However, historical research has presented another version. When John of Beaumont took the monastery he had to use violence to do it. This so enraged the Frisians, they drove him and his men out and back to the shore, thus preventing him from attacking the main Frisian force from the rear, as had been the plan. Meanwhile, William IV had disembarked on the coast north of Staveren with an army of approximately 500 men. There he proceeded to burn some houses and attack and kill any Frisian in sight. However, the Frisians had seen him coming and assembled an army of their own, outnumbering William's force. William was ambushed and driven back to the sea, where he and most of his men were killed or drowned trying to swim to the ships in their heavy armor. Among Dutch historians this version is usually called the Battle of Staveren, to differentiate it from the traditional Battle of Warns.

When John of Beaumont heard of his nephew's demise, he evacuated his position and sailed back to Holland.

After the battle

The count's death plunged Holland, Zeeland and Hainaut into turmoil. William IV had been younger than 30 years of age when he died, and there was no heir. This meant the county reverted to his liege lord, the German emperor Louis the Bavarian, who enfeoffed his own wife, Margaret of Bavaria with it. Margaret was prepared to hand the three counties over to her son William, but only under certain preconditions. This led to a flare-up of the civil war between the Hoek and Kabeljauw parties, with the Kabeljauws trying to bring William V to the countship without any preconditions, while the Hoeks remained faithful to Margaret.

It was clear that there could be no new attack on the Frisians under these circumstances, so apart from some confiscations of Frisian property in Holland, and a renewal of the hostilities at sea, the Frisian issue disappeared into the background. After the Frisians had expressed regret for the death of William IV, on 2 May 1348, the way was free for negotiations about a truce, which went into effect on 22 June.

The long truce

This truce was to last twenty years, until 1368. In this interval, the Kabeljauws delivered the countship to William V, who, as it turned out, came back mad from a trip to England in 1357. Thereupon his younger brother, Albert of Bavaria, was called to Holland to succeed him, which led to another flare-up in the civil war when a third brother, Louis the Roman, tried to take the countship for himself, with the support of the Hoek nobles.

In 1368, when the truce was almost over, peace negotiations were started, but these led to nothing. Albert of Bavaria demanded effective control over the Frisian territories, while the Frisians, having fought and won, refused to give in. This resulted in a long period of truce, which was extended each time for periods of at most a year.

The campaign of 1396

After almost fifty years of truce, Albert of Bavaria resumed the war in 1396 with a large scale military campaign. For this he called up his vassals from Holland, Zeeland, Hainaut and the Upper Palatinate (in modern-day Bavaria) and the nobles who a fief-rent from him, who were mostly from the Rhineland. Furthermore, the Kings of England and France and the Duke of Burgundy sent contingents of knights and men-at-arms.

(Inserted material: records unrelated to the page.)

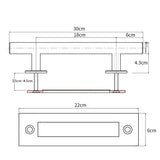 12'' Stainless Steel Square Pull and Flush Double Side Barn Door Handle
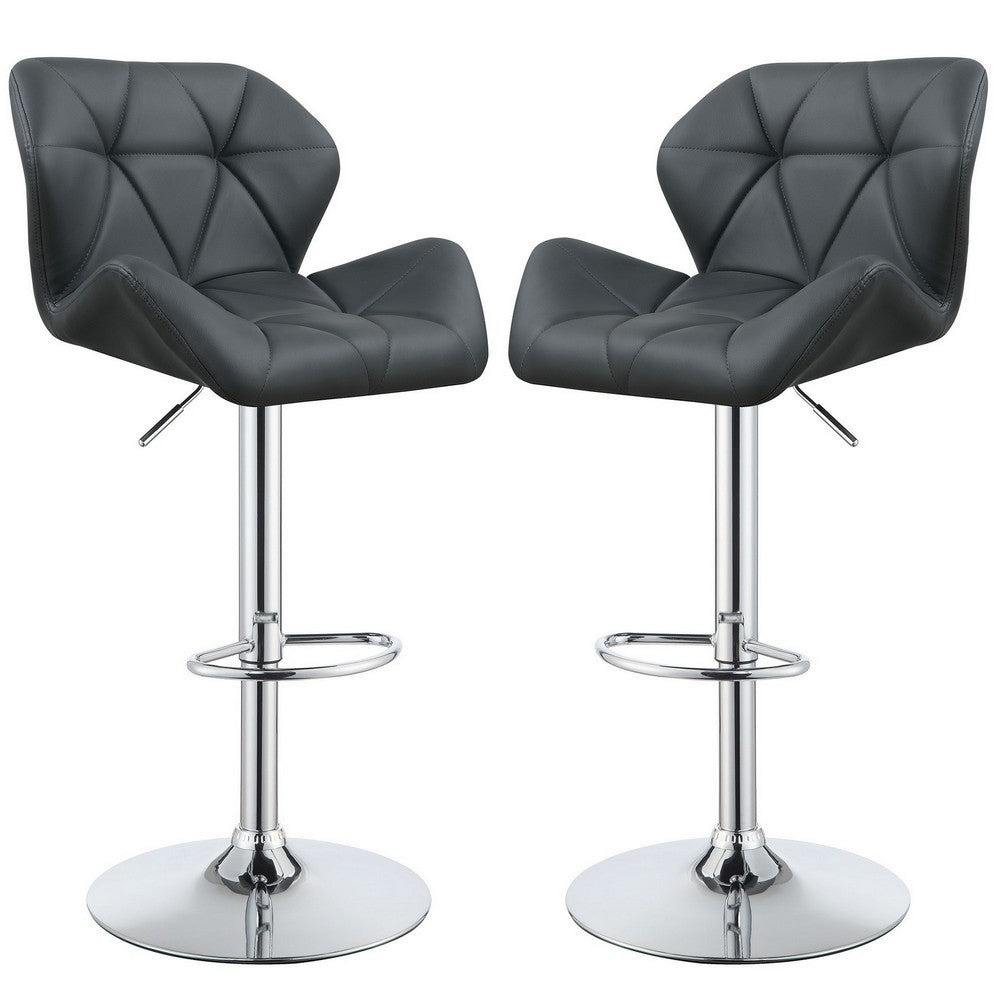 Barstool Set of 2 | Adjustable | Gray | Diamond Style | Chrome Base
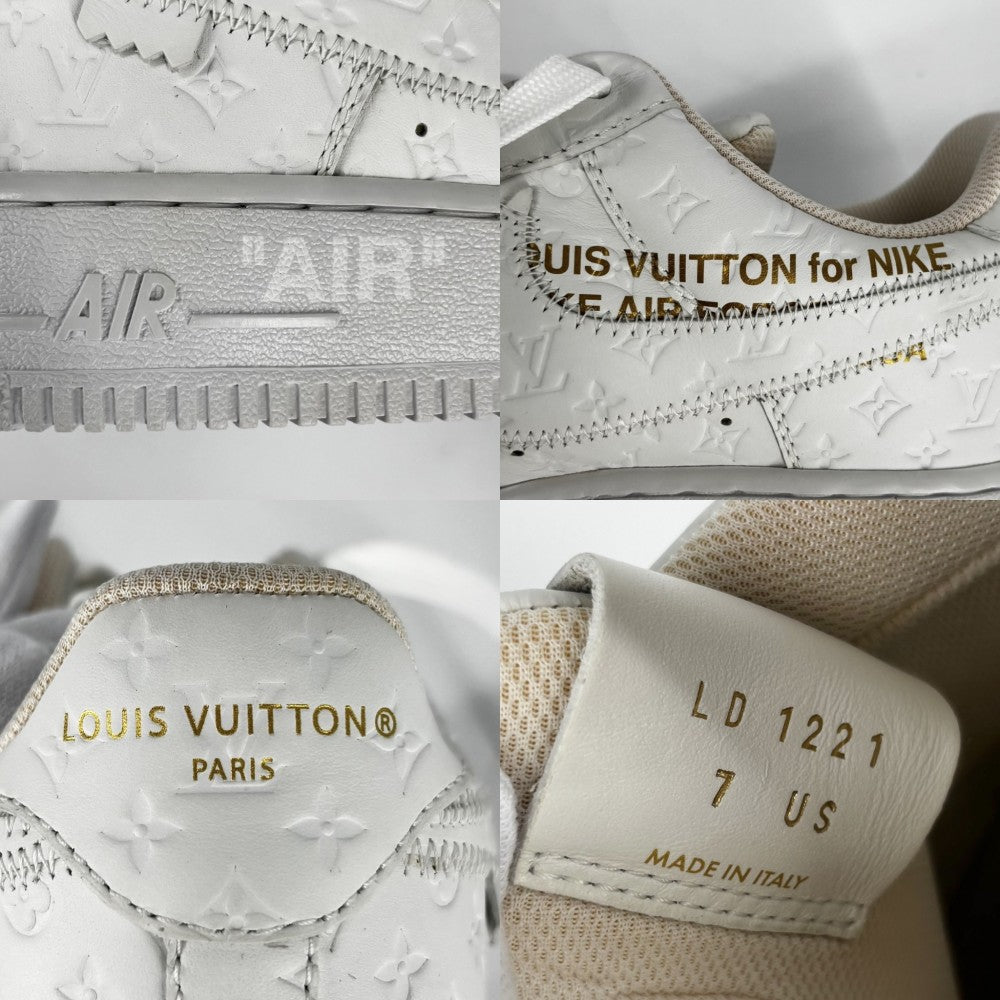 LOUIS VUITTON ルイヴィトン スニーカー ×NIKE エアフォース1 ロー 靴 ナイキコラボ AIR FORCE 1 LOW ロゴ ファッションアイテム 7サイズ 約26cm レザー ホワイト 白 メンズ【中古品】
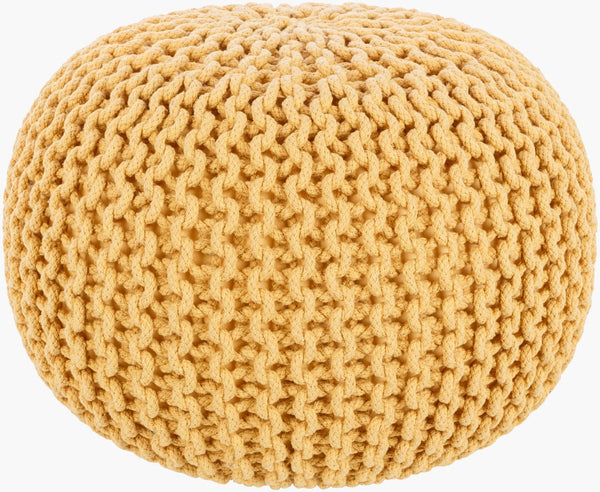 Livabliss Malmo Chunky Knit Square Pouf Handcrafted Cotton Blend Footrest for Living Room MLPF-002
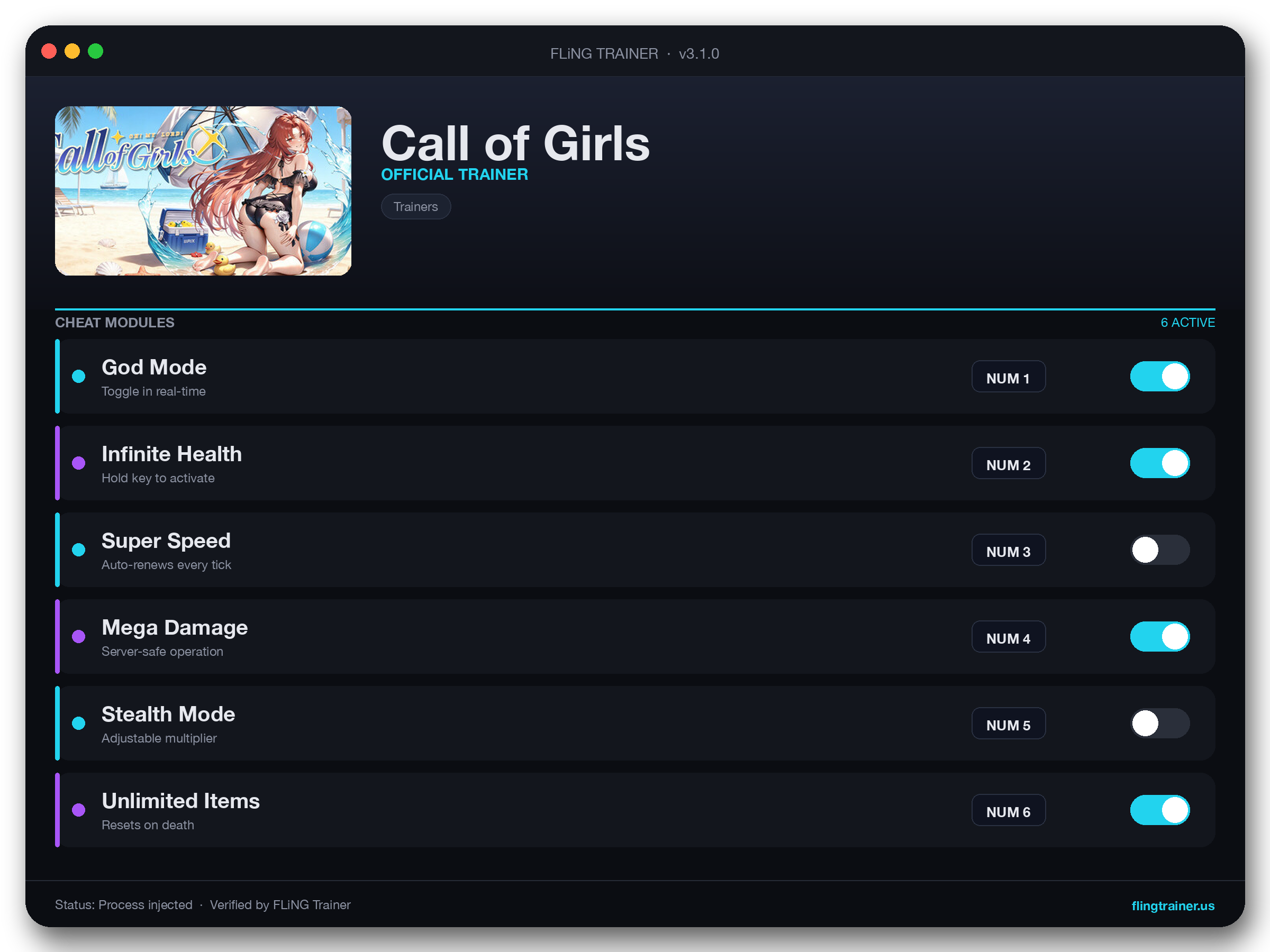Call of Girls Trainer interface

The main reasons for this sudden return to prominence of the Frisian matter, seem to have had virtually nothing to do with the Frisians themselves. In Holland, the leaders of the Hoek party had been banned since 1393, and Albert had had a falling-out with his son and heir, William of Ostrevant, who was very pro-Hoek and anti-Kabeljauw. Shortly before 1396 though, there was a reconciliation between father and son, which was also meant to heal the rift between the Hoeks and Kabeljauws, promoting their newfound unity at home by making war abroad.

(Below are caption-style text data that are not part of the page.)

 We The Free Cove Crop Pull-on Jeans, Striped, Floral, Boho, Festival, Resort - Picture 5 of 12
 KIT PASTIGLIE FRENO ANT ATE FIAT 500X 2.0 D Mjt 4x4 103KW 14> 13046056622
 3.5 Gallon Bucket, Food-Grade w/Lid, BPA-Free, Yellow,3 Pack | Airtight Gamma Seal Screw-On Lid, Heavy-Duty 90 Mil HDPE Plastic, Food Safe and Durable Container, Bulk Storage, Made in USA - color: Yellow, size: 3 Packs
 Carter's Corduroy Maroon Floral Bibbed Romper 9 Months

Furthermore, the bishop of Utrecht, Frederik III van Blankenheim, had been very active in the north of late. In 1395 he captured the stronghold of Coevorden, in Drenthe, and if Albert was not quick the bishop grab the Frisian territories from under his nose.

In August 1396 an army of perhaps 9,000 men, led by Albert himself and William of Ostrevant, landed near Kuinre, which was actually just outside the Frisian borders. However, the Frisians were waiting for them, and the landing cost the Hollanders many lives.

After the landing the Frisian strategy was to prevent the Hollanders from leaving the coast and coming inland. According to the tale of the Hainautian chronicler Froissart the Frisian leader he names Yves Joncre (a giant of a man who had fought in Prussia, Hungary, Turkey, on Rhodos and on Cyprus), who was known to the Hollanders and their allies as le Grand Frison, and who is usually identified as Juw Juwinga, a headling from the city of Bolsward, was one of only a few who argued against this strategy, saying that the Frisians should go home and let the Hollanders try to fight the marshy terrain. He was, however, outvoted.

On 29 August a battle took place, that is usually named the Battle of Schoterzijl. Of course, in 1396 Schoterzijl did not exist yet, but it is clear this battle took place somewhere between the stronghold of Kuinre and the village of Oosterzee. The Frisians were drawn up in a trench they had dug, behind an earthen wall. The Hollanders stormed the wall and a group of Hainautian nobles, among them John of Werchin, the seneschal of Hainaut, and John, Lord of Ligne and Barbençon, managed to get into the trench and break through the Frisian line, then attack it from the rear. At this, the Frisians broke and fled; numbers of casualties on their side range from 3,000 to 400. Most chronicles name Juw Juwinga ("Yves Joncre") as among the Frisian dead.

After the battle, Albert of Bavaria remained at Kuinre for a few more days, but, as Juw Juwinga had predicted, he found it very difficult to operate in the marshy terrain with an army of knights. Furthermore, it started to rain all day, while the sea got more and more tempestuous. On 6 September he gave up and went home, after a campaign of only ten days and with no gains other than revenge for the defeat of 1345 to show for it.

The campaign of 1398

After 1396 the war at sea was resumed and in 1397 some small scale attacks were carried out on the Frisian coast at the city of Hindelopen and on the island of Terschelling, but these ended in débâcles.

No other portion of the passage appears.